La première fois à la télévision que les victimes, les bourreaux et le temoin étaient réunis au moment des faits rapportés.
Fuyant guerre ou misère, des milliers de réfugiés venant d'Ethiopie ou de Somalie tentent par tous les moyens de gagner les côtes du Yemen.
Daniel Grandclément a suivi la route des migrants somaliens et éthiopiens jusqu'à Bosaso. Là, il a découvert le désespoir qui habite ceux qui n'ont d'autre choix que de partir, quelle que soit la destination, quels que soient les dangers. Traquer l'ailleurs, même si c'est la mort que l'on trouve. Traverser le golfe d'Aden pour rejoindre le Yémen. Franchir un Rubicon aux eaux sombres et gloutonnes dans lesquelles tant se sont perdus. Daniel Grandclément a cheminé avec eux et a filmé ce que personne n'avait filmé : la traversée. Il en a ramené un reportage terrifiant.
Il raconte le pourquoi de ce reportage :
"Cela fait longtemps que je m'intéresse à l'esclavage. Je consulte les organisations qui luttent contre le phénomène, notamment l'OIM (Organisation Internationale pour les Migrations) qui a un poste à Addis-Abeba. Un jour, le nom de Bosaso est apparu. On en parlait comme d'un port sans droit, sans loi, situé à la pointe de la Somalie et d'où partaient des milliers de clandestins vers le Yémen. J'ai décidé de me rendre sur place. Ce que j'ai découvert dépassait l'entendement. C'est une ville de transit, fantomatique, habitée en majorité par des clandestins vivant dans des conditions infernales, la plupart du temps dans des bidonvilles. Ils sont tous en situation d'attente : s'ils trouvent l'argent nécessaire, ils tentent leur chance et traversent le golfe d'Aden. Sinon, ils acceptent l'aide au retour proposée par les ONG. Ce sont surtout des Somaliens, fuyant la guerre qui sévit dans le pays. Il y a aussi énormément d'Ethiopiens qui subissent les foudres des locaux et sont considérés comme des parias. Je suis resté trois semaines, en juin dernier, à observer et surtout à espérer un contact avec les passeurs. Les rumeurs circulaient sur les conditions de passage, des histoires effrayantes. Un membre d'ONG avançait le chiffre de 1 700 morts par an, je ne pouvais pas y croire. Et puis un jour, j'ai pu rencontrer les passeurs.
J'ai fait la connaissance d'une Tunisienne qui m'a beaucoup aidé. Elle a fini par me faire rentrer en contact avec des passeurs. Les premières fois, je me suis fait rouler. J'ai donné de l'argent, mais personne n'est venu me chercher. Finalement, la mer étant trop agitée durant l'été, mon amie m'a dit de revenir en octobre. A mon retour, les choses se sont accélérées, et j'ai commencé à réaliser dans quoi je m'embarquais et, pour être honnête, je n'ai toujours pas compris pourquoi ils m'ont pris avec eux. J'ai donné beaucoup d'argent, c'est vrai. Mais ils pouvaient me rouler une fois de plus. Je représentais un vrai danger, parce que ma mort ne serait sans doute pas passée aussi inaperçue que celle des clandestins. Au bout d'une longue attente dans des cavernes sur le rivage, j'ai pu embarquer. Même si j'avais entendu parler des conditions de voyage, rien n'aurait pu me préparer à ça.

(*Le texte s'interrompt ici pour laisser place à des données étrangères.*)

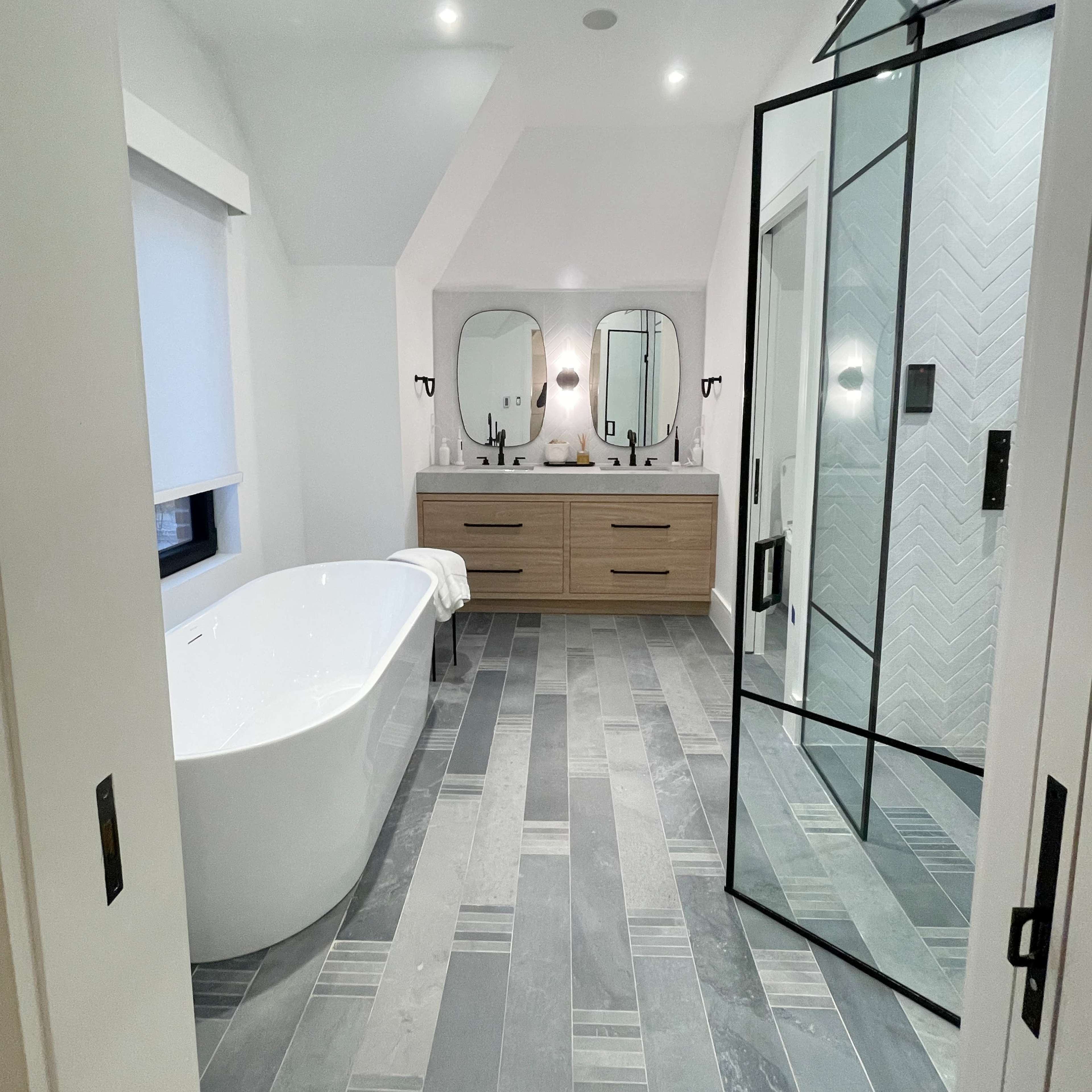 A modern bathroom features a freestanding bathtub, dual sinks with mirrors, and a glass shower enclosure on tiled flooring.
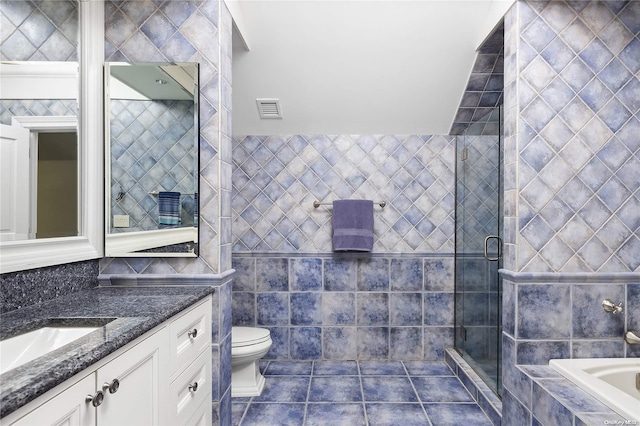 full bathroom featuring tile patterned floors, vanity, tile walls, independent shower and bath, and toilet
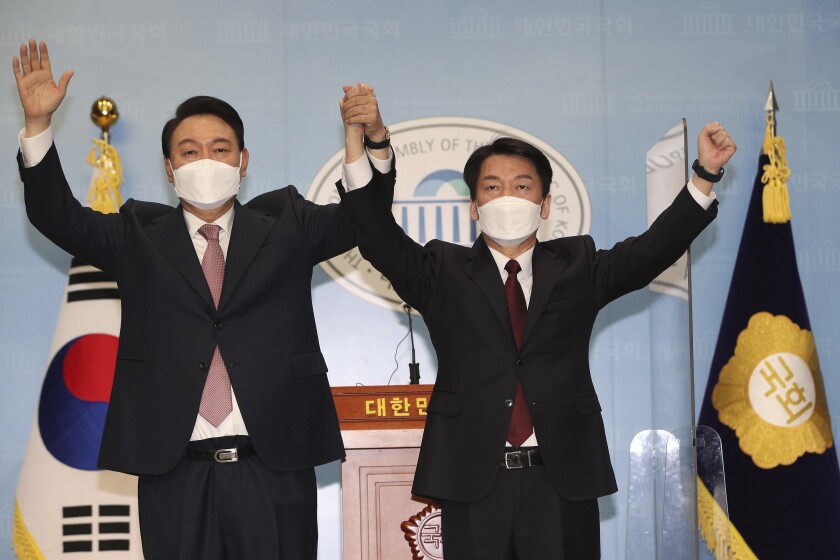 Presidential candidates Yoon Suk Yeol, left, of the main opposition People Power Party and Ahn Cheol-soo of the opposition People's Party raise their hands after a joint press conference at the National Assembly in Seoul, South Korea, Thursday, March 3, 2022. South Korea's two main opposition presidential runners agreed Thursday to field a unified candidate of them, a last-minute political deal ahead of next week's vote that could boost prospects for an opposition win to restore a conservative rule. (Lee Jung-hoon/Yonhap via AP)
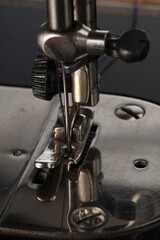 Sewing machine on grey background, closeup view
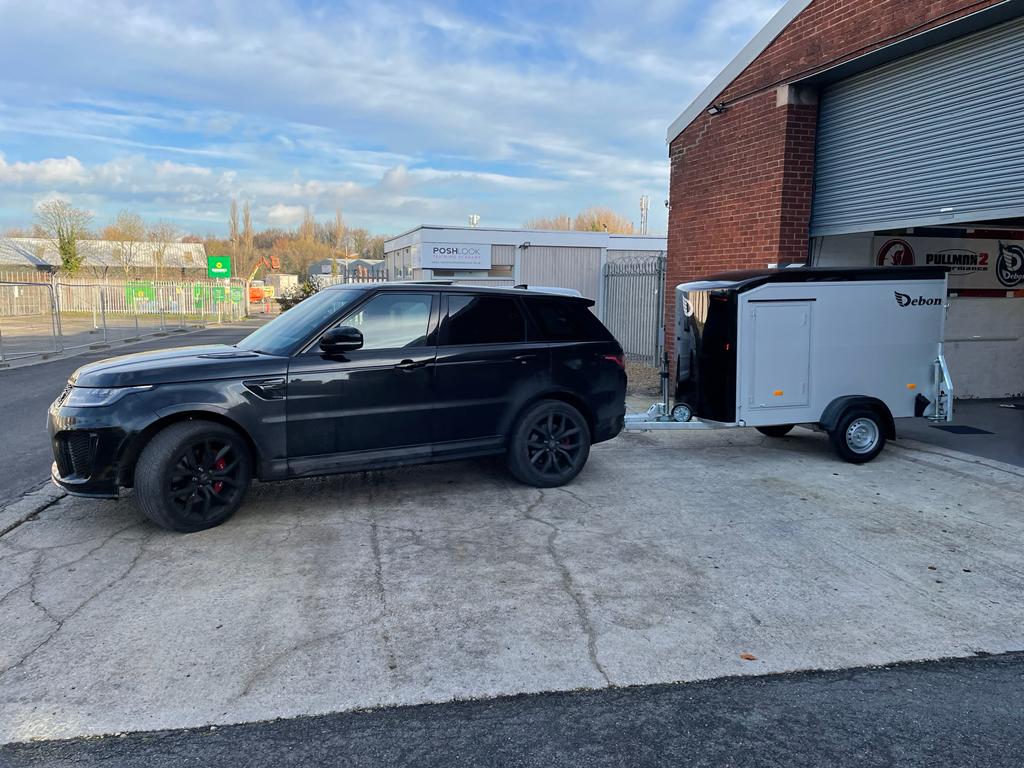 economyvan's tweet photo. Another happy customer towing away a brand New 2022 #Debon C255 Box Trailer with Aluminium Sides 1300kg. Tow with a standard car licence. More trailers now in stock. Free delivery in 2022 https://t.co/xnmITrPnRz https://t.co/NQ1ca6GwEa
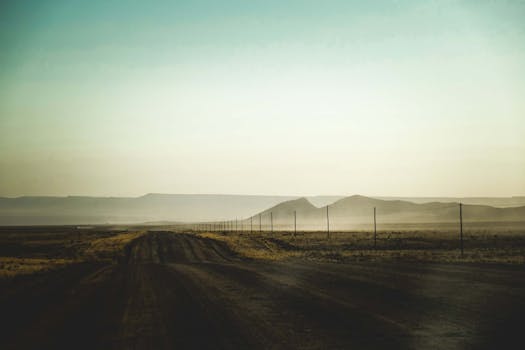 A tranquil desert road stretches into the horizon at sunrise, capturing the vastness and solitude of nature.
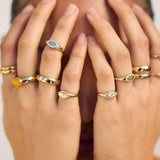 Close-up of hands wearing multiple gold rings with gemstones.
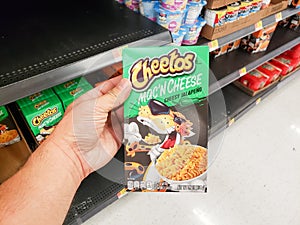 Cheetos Mac `N Cheese at store, hand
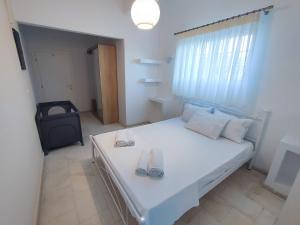 a bedroom with a white bed with flip flops on it at Linovrochi holiday house with private pool in Lefkandi Chalkidas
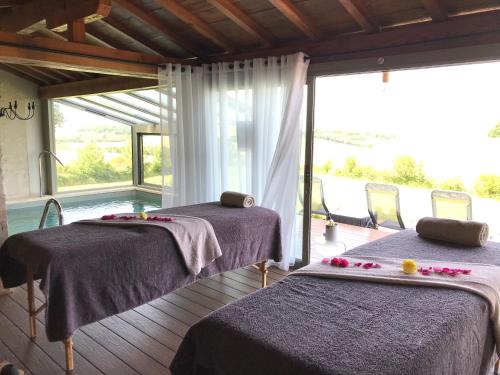 deux lits dans une chambre avec une grande fenêtre dans l'établissement Domaine Léa Chanflaur - Spa - La maison du bonheur, à Terraube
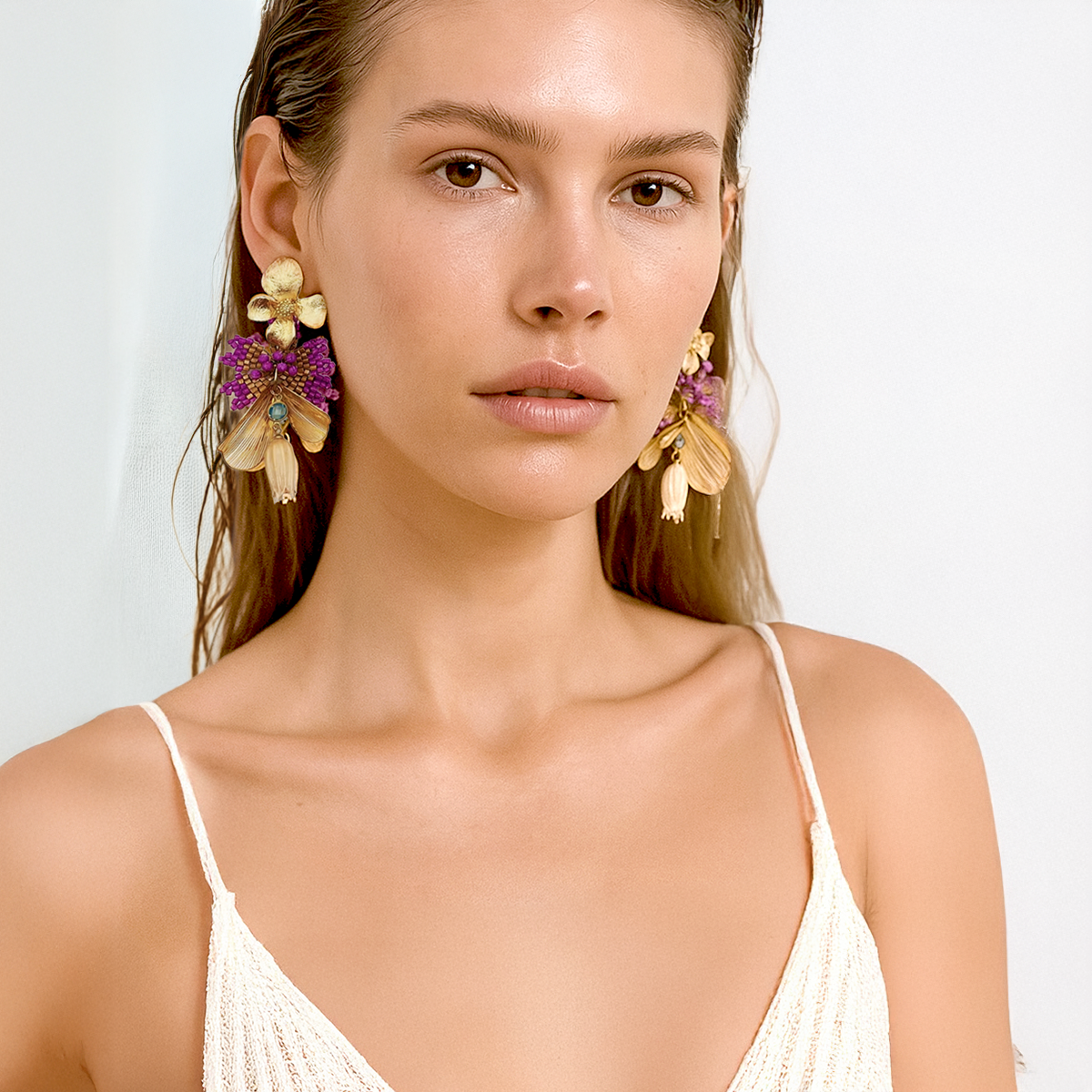 Earrings in gold leaf, woven beads, steel, opal, and preserved flower | Nuna Qori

C'est absolument abominable. Cent cinquante personnes dans un bateau à peine plus grand qu'une barque, entassées les unes contre les autres, dans la cale et sur le pont. Les passagers urinent dans un récipient, vomissent tout le long. Ils ne peuvent presque pas bouger. Et surtout, la violence. Une violence aveugle de la part des passeurs, inutile, barbare. A coups de ceintures et de bâtons. Pourquoi ? Je n'ai toujours pas compris. Ils étaient armés et forts. Ils n'avaient pas besoin de maltraiter ainsi leurs passagers. Les passeurs ont à peine 20 ans. Ces sont des gamins. Des Somaliens et des Yéménites. Des brutes intraitables, en sursis, car s'ils sont attrapés, ils sont exécutés. La vie n'a pas de poids pour eux. Une de plus, une de moins, quelle importance ? Ils tuent sans haine. Sans calcul. Sans état d'âme. Sans y penser. J'ai vraiment réalisé sur ce bateau à quel point la vie est fragile. Ce calvaire a duré trois jours. Un cauchemar. Pendant la dernière nuit, un homme a hurlé. Je ne l'ai pas vu, mais il paraît qu'il s'est jeté à l'eau. J'ai cru que ça ne finirait jamais. J'ai même pensé en faire de même tant le dégoût était fort. J'assistais à une scène de torture d'une violence inouïe ! Chairs qui éclatent, sang, vomi, sueur, larmes... Et puis, en pleine nuit, sans prévenir, ils nous ont précipités à la mer, gardant les bagages.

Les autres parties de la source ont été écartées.